[Requirement]: Please copy every line of the data in which the string "with" appears.

[Data to process]:
+ + + + +

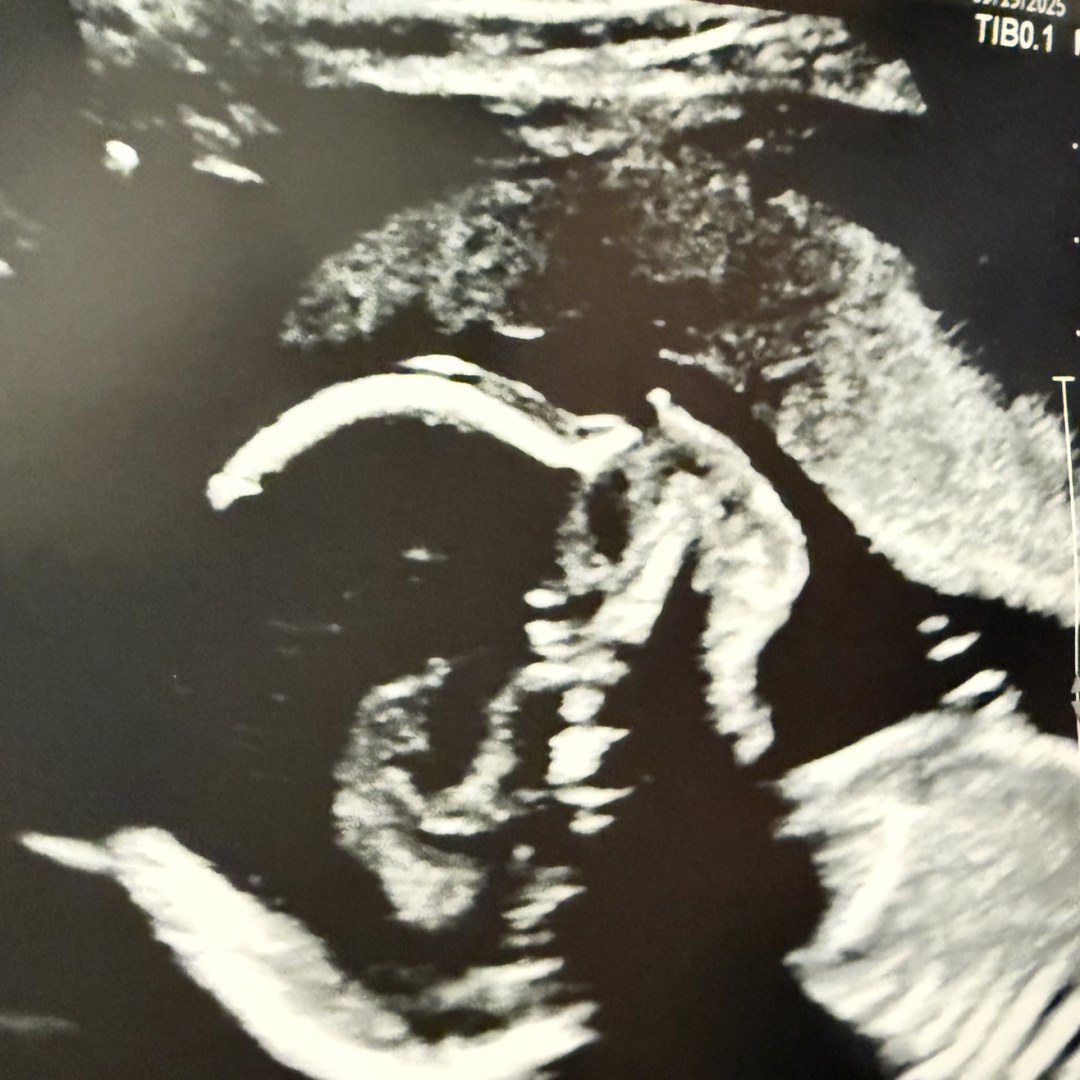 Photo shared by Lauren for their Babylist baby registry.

+ + + + +

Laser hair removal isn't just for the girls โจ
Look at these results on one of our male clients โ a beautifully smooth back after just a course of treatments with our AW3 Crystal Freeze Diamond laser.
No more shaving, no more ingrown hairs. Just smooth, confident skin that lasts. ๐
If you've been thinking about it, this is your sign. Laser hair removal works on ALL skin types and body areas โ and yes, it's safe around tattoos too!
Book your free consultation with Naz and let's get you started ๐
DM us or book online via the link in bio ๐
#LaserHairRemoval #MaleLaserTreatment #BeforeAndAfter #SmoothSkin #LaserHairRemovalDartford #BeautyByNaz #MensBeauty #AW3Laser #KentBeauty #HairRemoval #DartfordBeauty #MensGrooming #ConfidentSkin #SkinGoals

+ + + + +

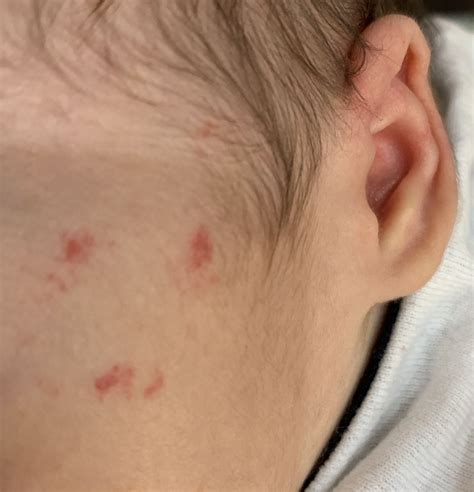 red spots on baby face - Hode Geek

+ + + + +

[Answer section]:
Look at these results on one of our male clients โ a beautifully smooth back after just a course of treatments with our AW3 Crystal Freeze Diamond laser.
Book your free consultation with Naz and let's get you started ๐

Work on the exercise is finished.